July 24, 2013

By Margaret H. Johnson

In an article published in the Globe and Mail, according to Trans Union the average Canadian’s non-mortgage debt – which includes credit cards, car loans, instalment loans and lines of credit – reached $26,935 in the first quarter - down 2% since the third quarter in 2011.

Sounds good right? Well, I’m not sure. You can see it’s a bit of a stretch to reach into the statistical tables and find some event in the third quarter of 2011 to justify something.

The Bank of Canada’s seasonally adjusted figures for consumer debt have consistently gone up since September 2011 from $496 billion to $514 billion in March 2013.

The debt picture looks quite a bit different if broken down to individual averages. $26,935 doesn’t seem that much. $514 billion sort of catches your attention. We also don’t know who owes this money. What income groups bear the debt burden? I think the wealthy or higher income groups would pay their credit card balances off every 30 days.

Trans Union reported that the average Canadian paid approximately $1,398 in interest per year on their lines of credit. If the prime rate were to increase by 100 basis points, the yearly payments would rise by $350. However, if the prime rate goes up, interest rates go up all over – credit cards and mortgages and hence the monthly payments would drain much needed discretionary income from the family budget.

In fact, interest becomes a serious impediment for many individuals and families from getting out of debt. Perhaps this helps explains why the debt levels keep going up – and never down.

An interesting statistic suggests that 39.7 per cent of all consumer loan balances, excluding mortgages are lines of credit. Of course, this leaves the question, what about the remaining 60% of the consumer debt. It would be most informative to know how much of this debt is high interest bearing credit cards, car loans and personal loans.
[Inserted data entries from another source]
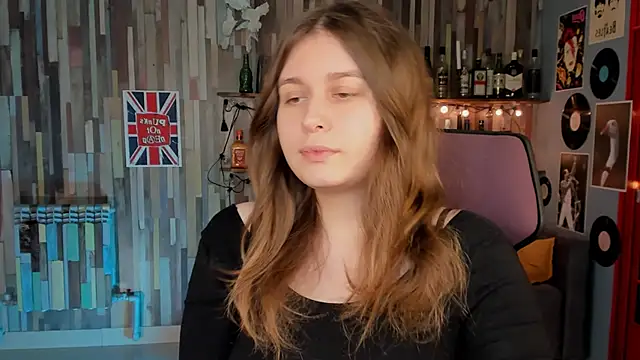 FioraMarmoris online show from November 27, 1:11 pm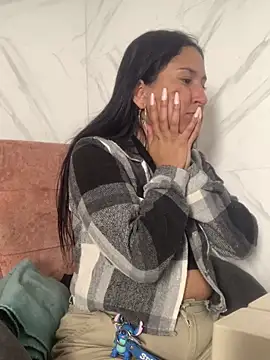 luna asss online show from March 2025 11:01:02 PM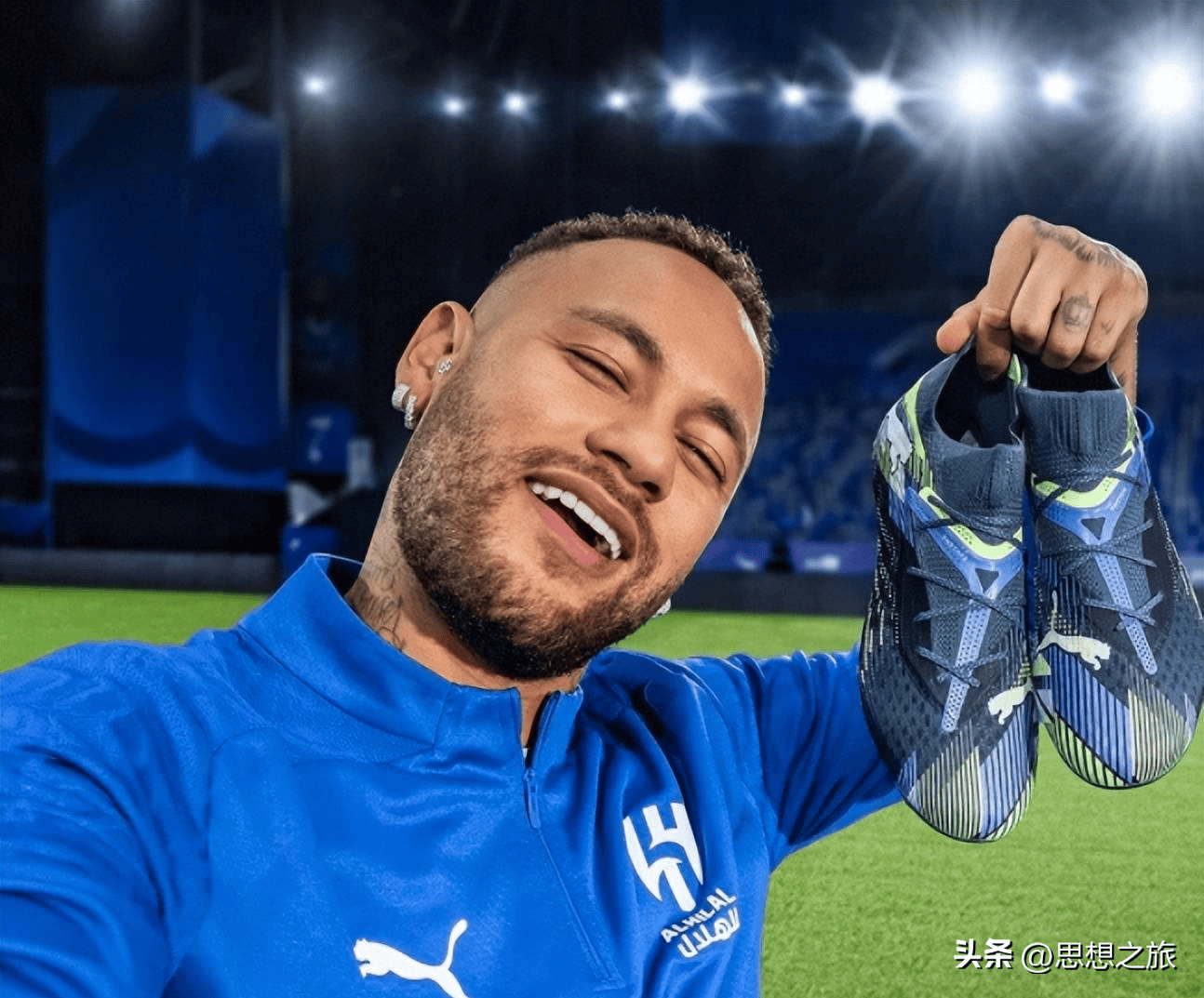 目光投向了 目光投向了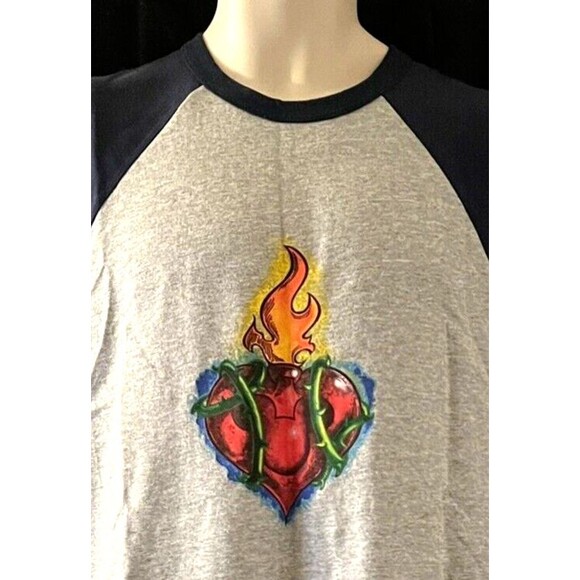 Walt Disney World Sacred Heart Navy Gray Cotton Blend Mens T-shirt Sz M NWT - Picture 2 of 9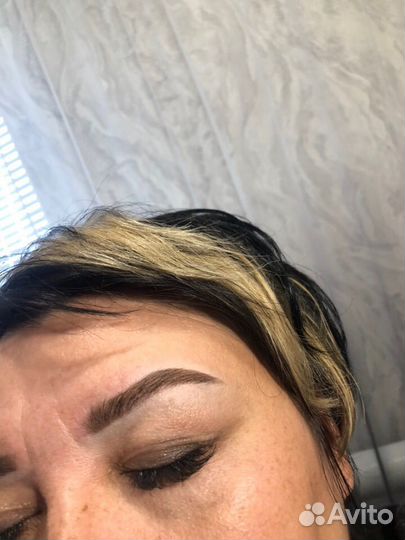 Мастер бровист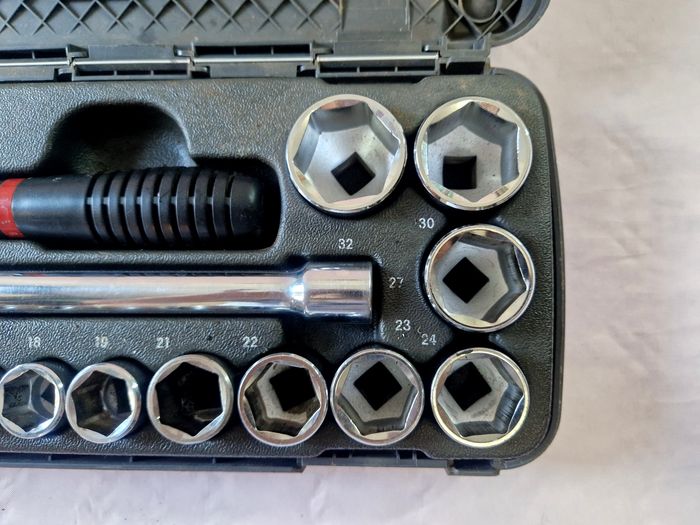 Coffret  , clé à cliquet + rallonge + 17 douilles  , Facom , ancien modèle  , complet - photo numéro 6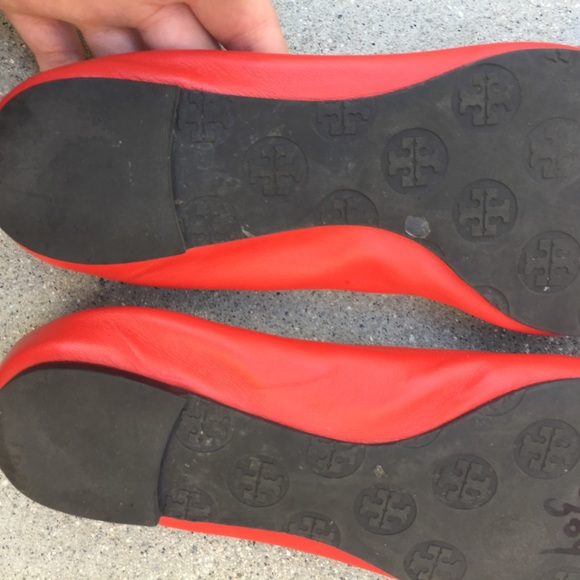 ❌SOLD❌ Tory Burch Red Reva Classic Ballet Flats - Picture 5 of 8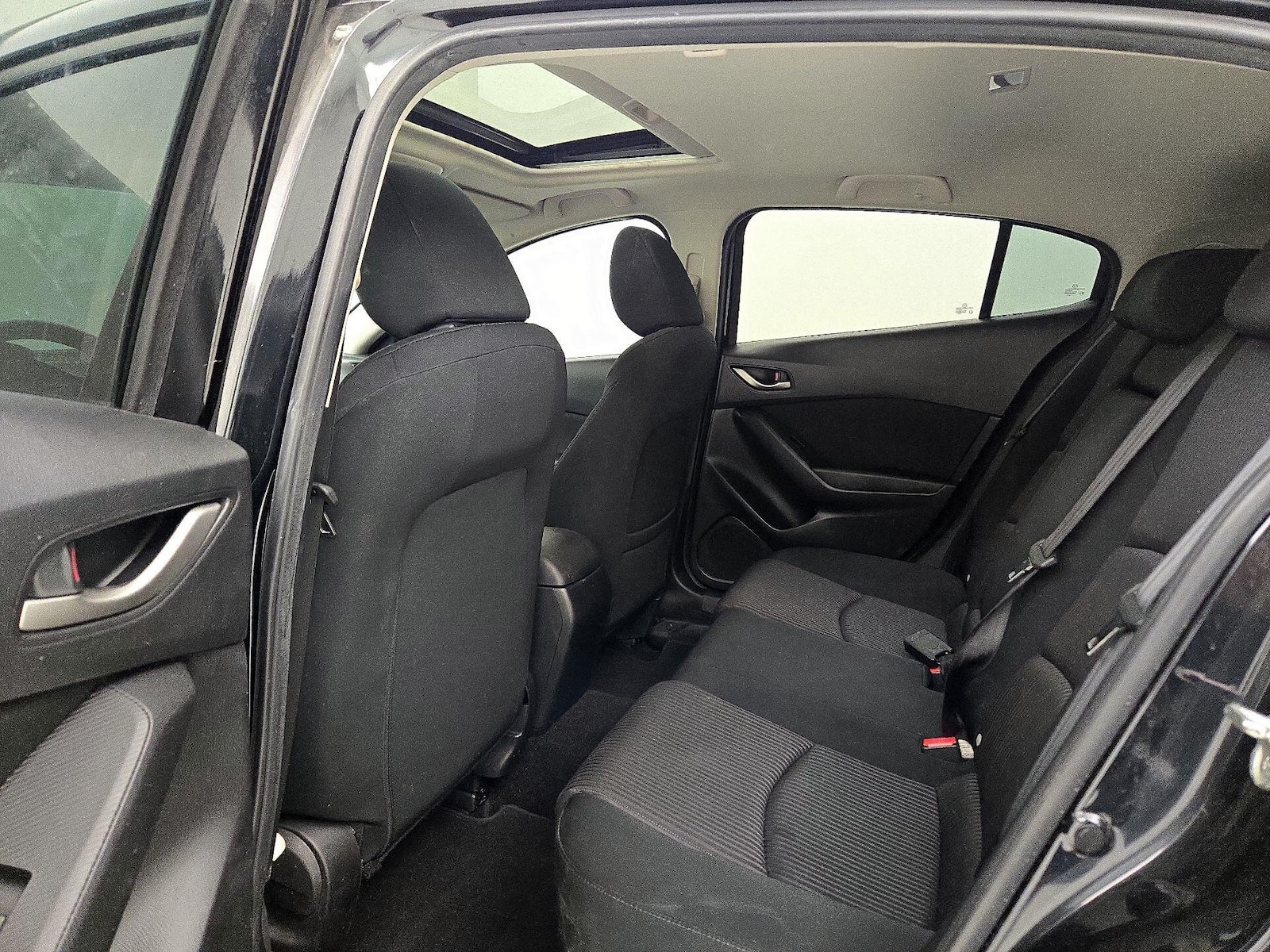 2016 Mazda MAZDA3 i Touring - Photo 21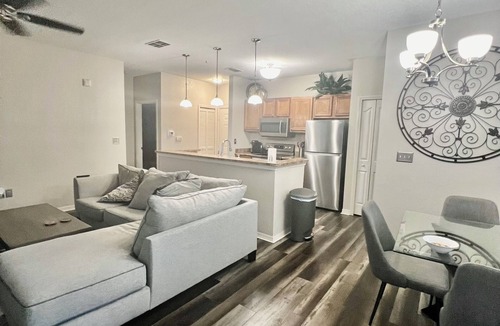 Desoto Acres Condo | FURNISHED LAKE VIEW CONDO IN GATED RESORT STYLE SETTING
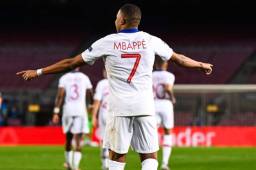 Mbappé tiene un año más de contrato con el PSG, pero todavía no decide extenderlo. El Real Madrid podría ser su próximo destino.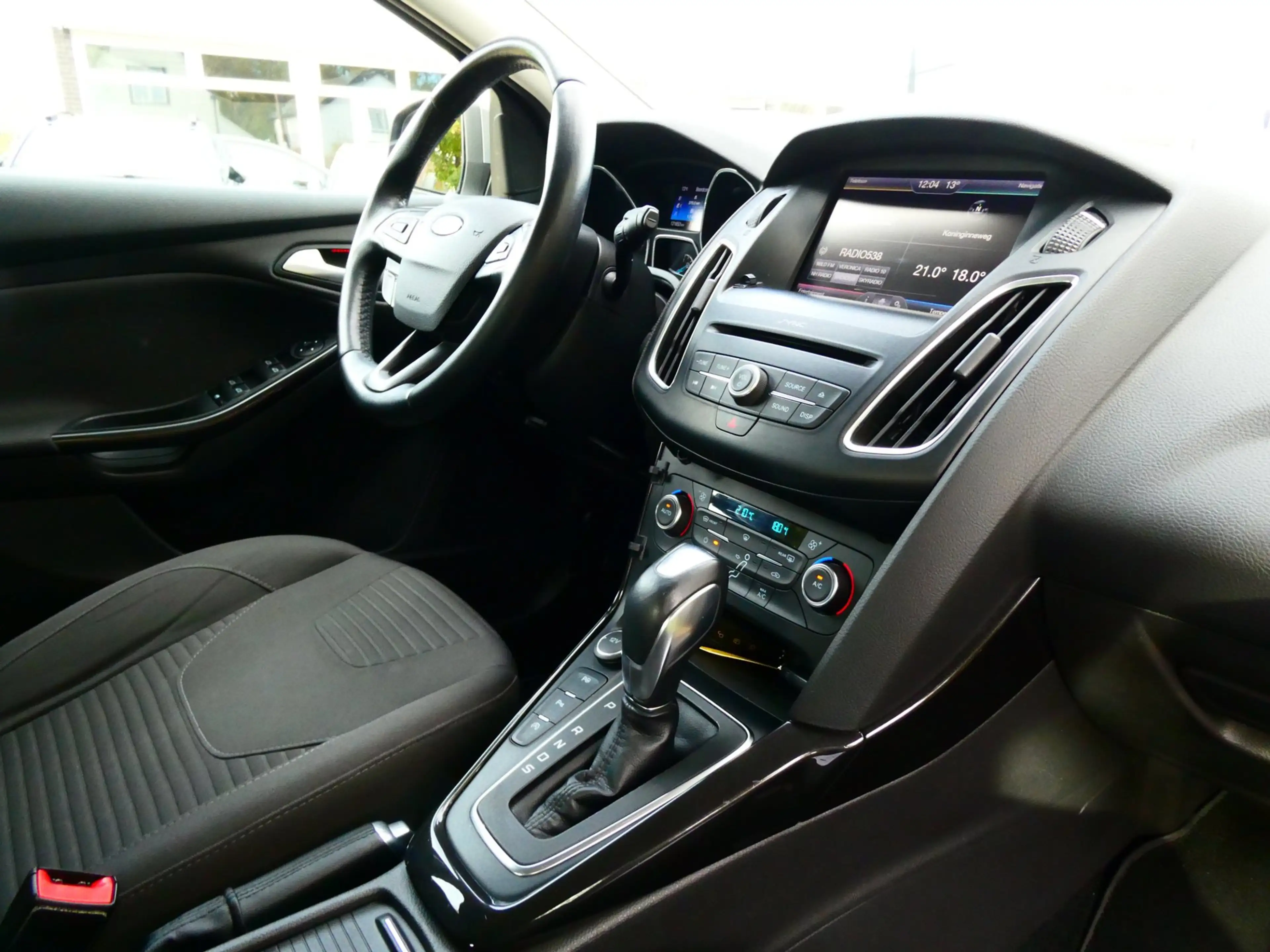 Ford Focus 1.5i 150pk Titanium Automaat Clima Navi Trekhaak 1 — photo 12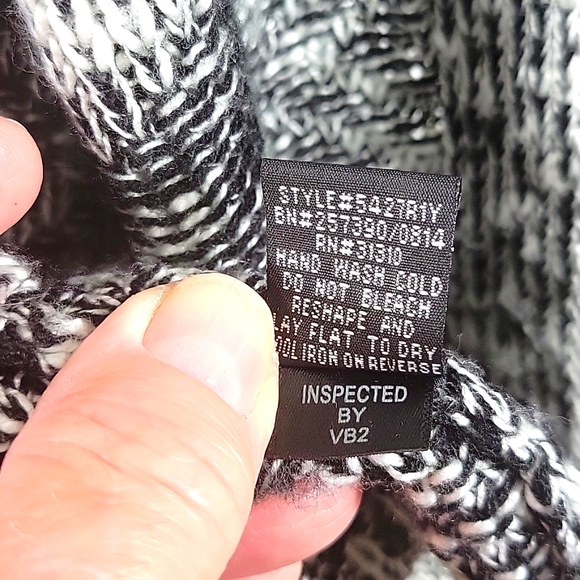 I.N. STUDIO Black and White Diamond Knit Open Front Cardigan Size PS - Picture 4 of 6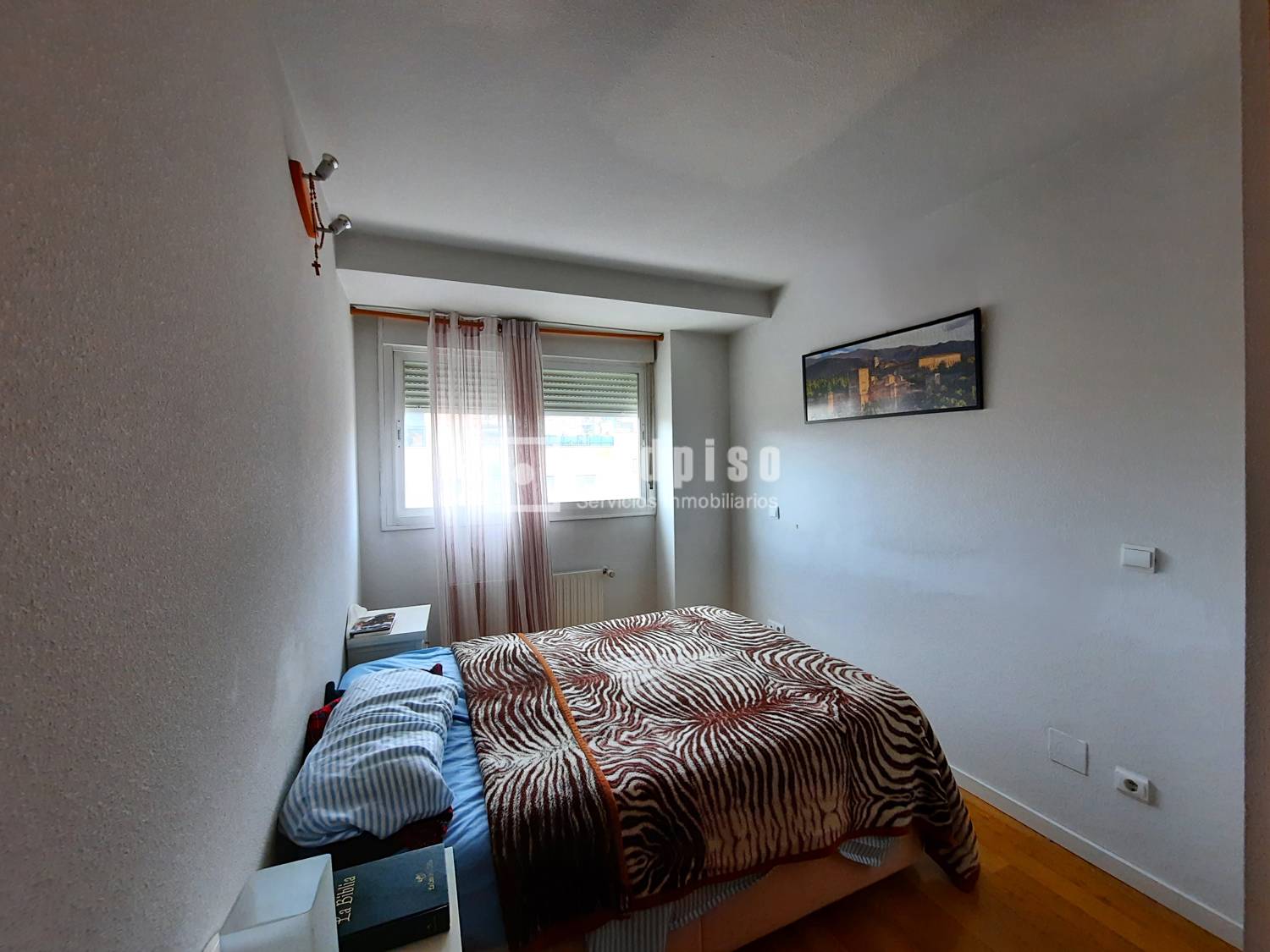 Piso en alquiler en  calle del Príncipe Carlos, Hortaleza, Madrid  23/25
From my point of view, debt is not down but creating havoc throughout Canadian households. In April 2013 the Globe and Mail Dawn Walton reported “that sky-high consumer debt is a disturbing sign of the times and that a growing number of Canadians are looking for help – only to find themselves even further in the hole after getting involved with unscrupulous advisors, counsellors, or debt settlement companies. For further information see the link below.

 

 

For people looking for a reputable credit counsellor be careful as there are a few bad actors. Any agency or person promising a fast and easy end to your debt problems is a promise too good to be true.